Because Comme des Garçons is a small company, with annual sales of $120 million, it isn't encumbered with layers of bureaucracy and can respond to changes quickly.

The Guerrilla Store also makes commercial sense. With a monthly rent of $700, the store gives Comme des Garçons an inexpensive means to channel avant-garde pieces from the runway, sell off clothes from past seasons and reduce inventory.

Still, even if companies like Gucci and Louis Vuitton are too invested in their luxury images to be sincere guerrillas, marketing experts say they need to be much more attuned to the fact that young people, whether in New York or Shanghai, are tapping into the same underground. And that can make a designer wallet seem a lot less desirable than a customized pair of jeans.
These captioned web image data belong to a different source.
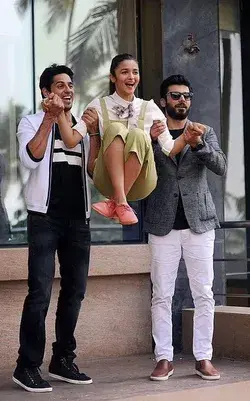 Alia Bhatt Sidharth Malhotra fawad khan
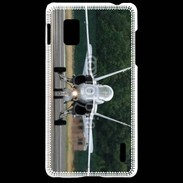 Coque LG Optimus G Avion de chasse F18 de face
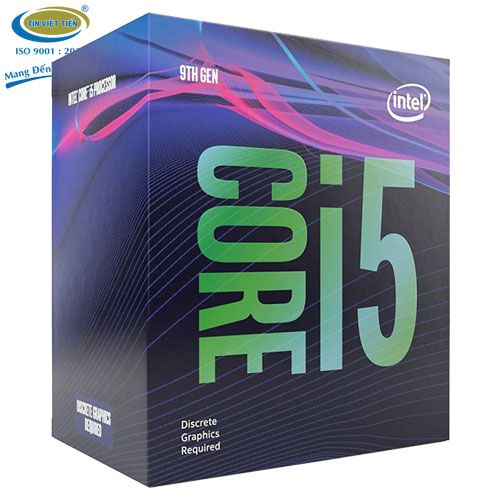 Bộ Vi Xử Lý Intel Core i5-9400 (2.9 Upto 4.1GHz/ 9MB /Socket 1151) Chính hãng Intel VN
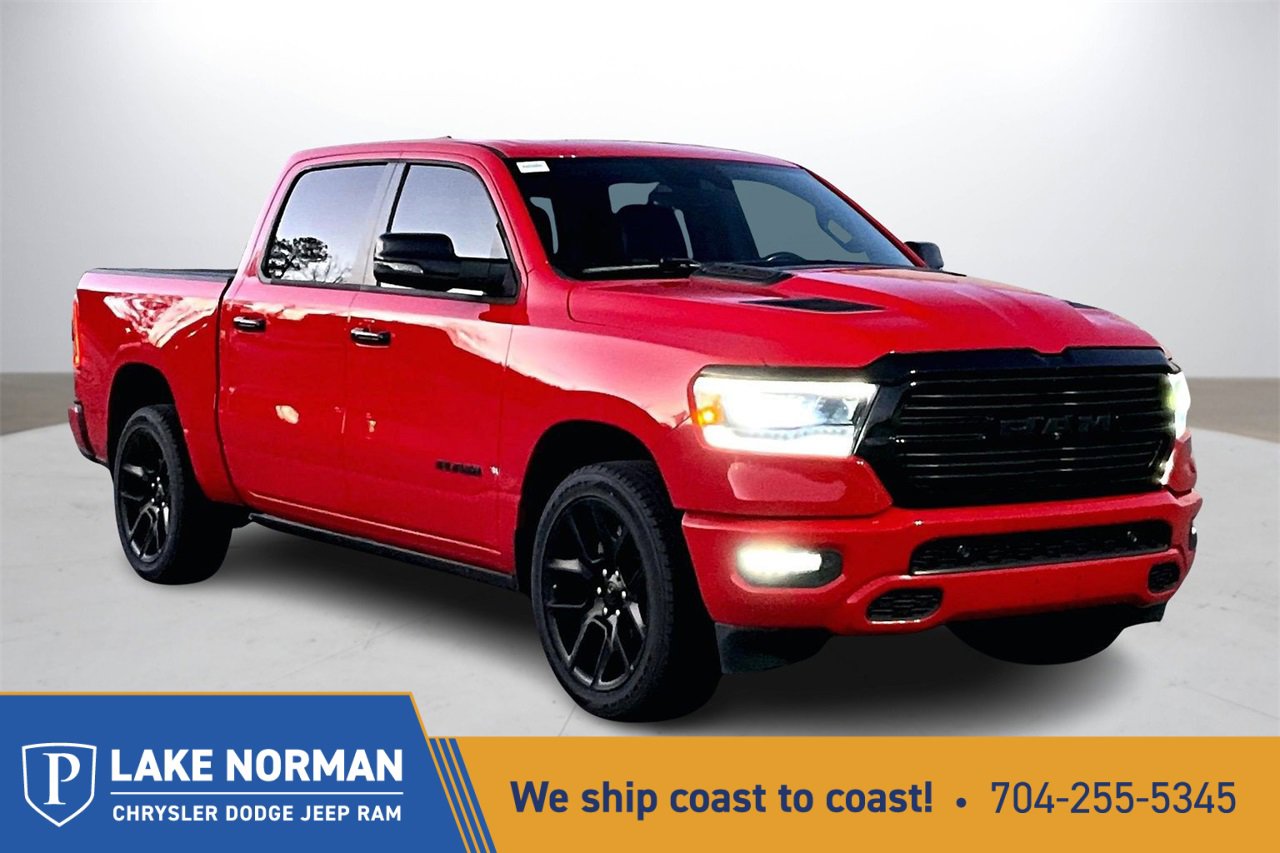 Certified 2023 RAM 1500 Laramie image 1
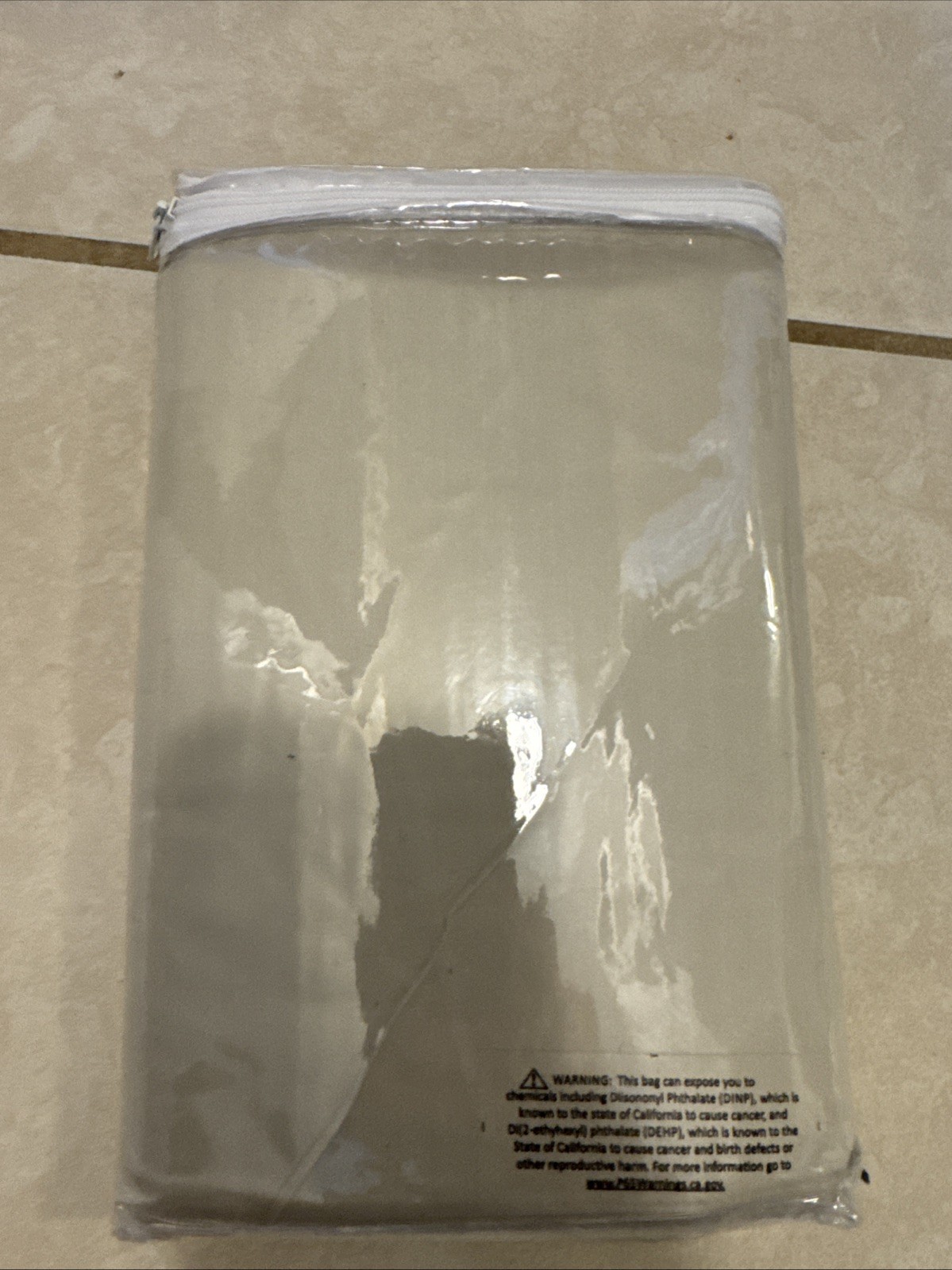 LIfe Style 300 Thread Count 2 Beige King Pillowcases, NIP.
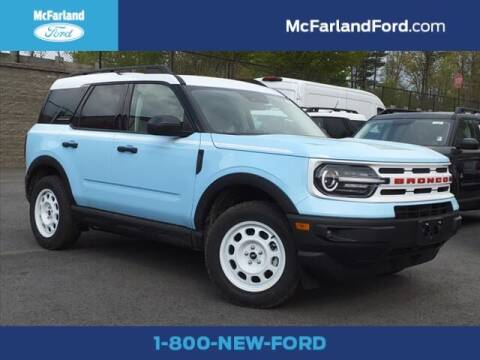 2023 Ford Bronco Sport for sale at MC FARLAND FORD in Exeter NH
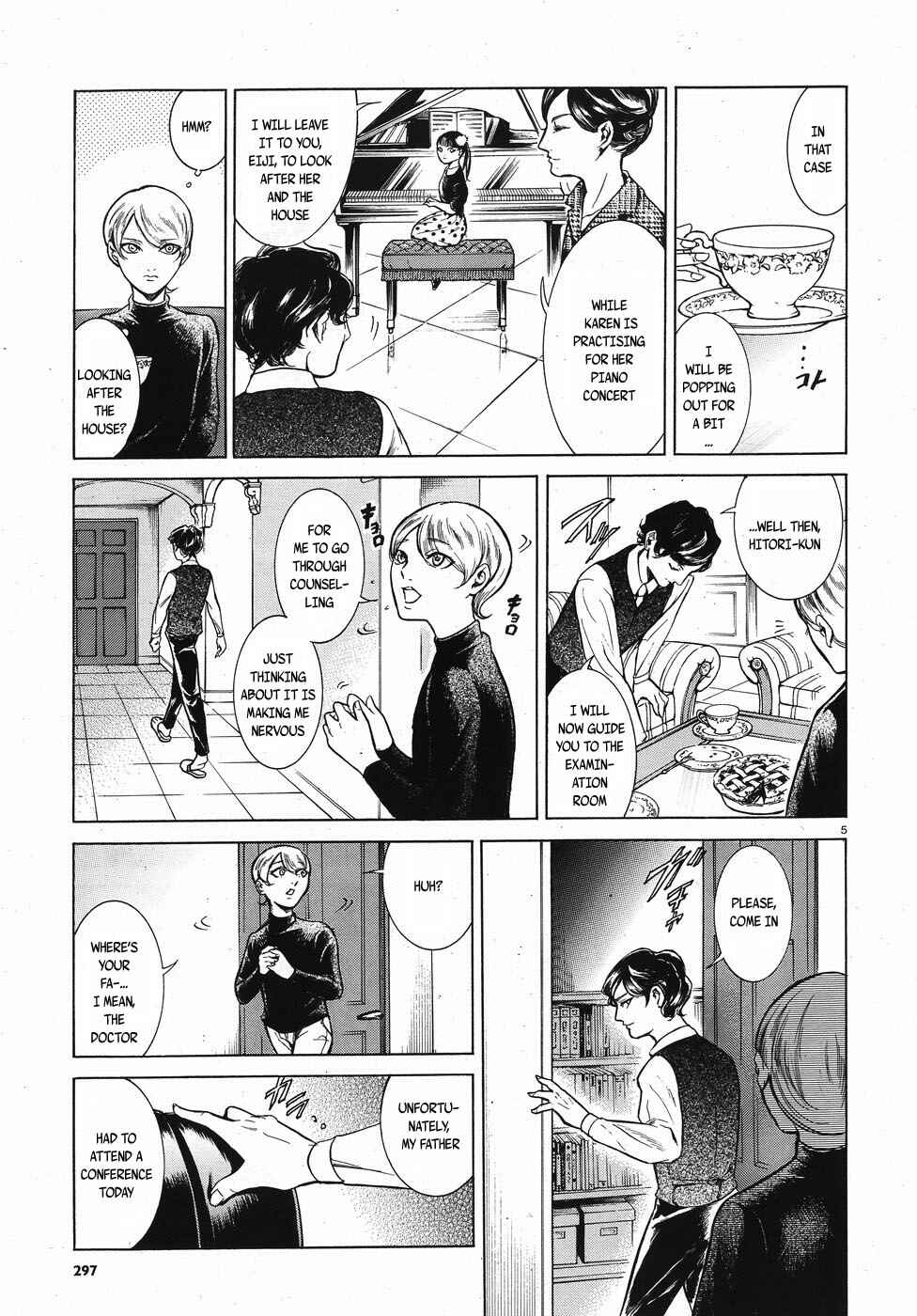 Page 5 Chapter 12 Migi & Dali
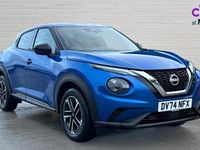 Used Nissan Juke N-Connecta 114 HP (83 kW) 2024 Blue SUV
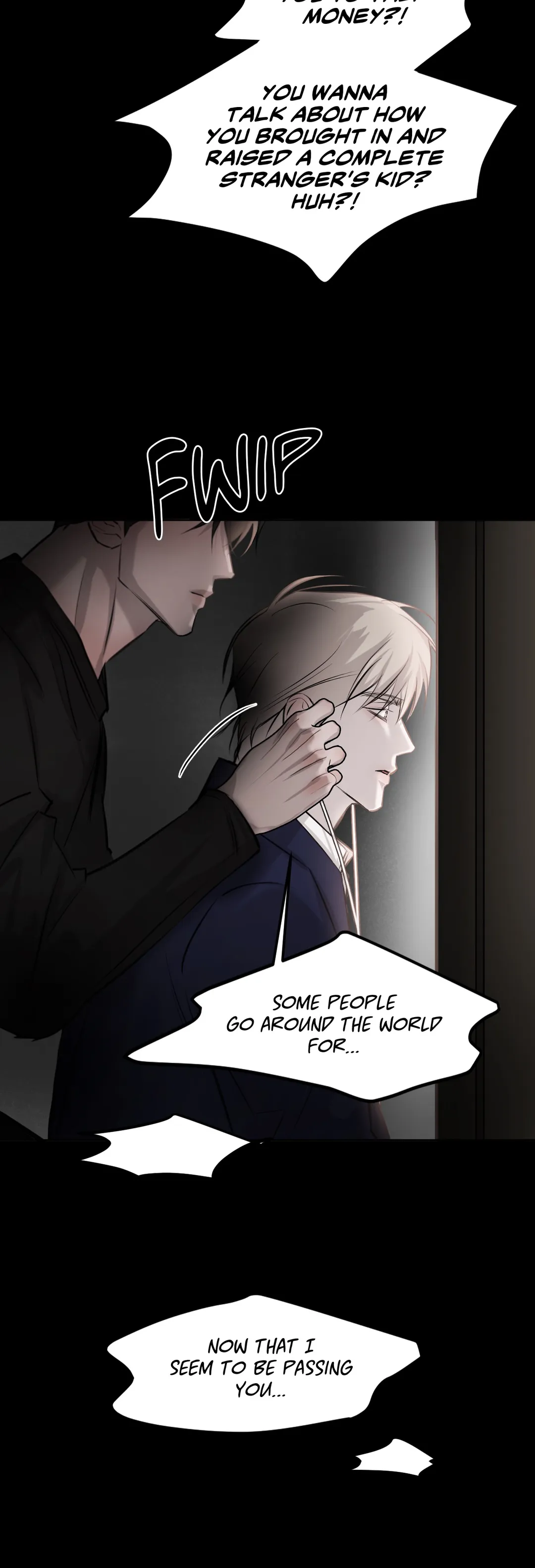 Between Fate and Fortune - Chapter 25 manhwa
"The influences today are terrifically eclectic," Mr. Matlins said. "One of the things we're seeing with kids is how much they're buying from eBay." When Sidney Toledano, the chief executive of Dior, visits New York, he makes a point of stopping in the Apple computer store.

"I learn more from a store like that than I do fashion stores," he said. `You're not just buying merchandising, you're exchanging information."

Berlin, with its long history of occupation, may be the perfect place to start a revolt. Among the 200 Berliners who passed through the store searching through cotton shirts and boiled wool jackets was Claudia Skoda, a knitwear designer who used to have a shop in New York.

"It seems a little bit funny," Ms. Skoda said of the notion of a store not meant to last forever. Still, she bought one of Ms. Kawakubo's orange checked skirts and planned to return for a pair of silver sneakers. She said she already knew of a designer who was thinking of opening a similar store in Mitte. And she was pleased to find something different in her own city. "I think people are tired of things you can get everywhere in the world."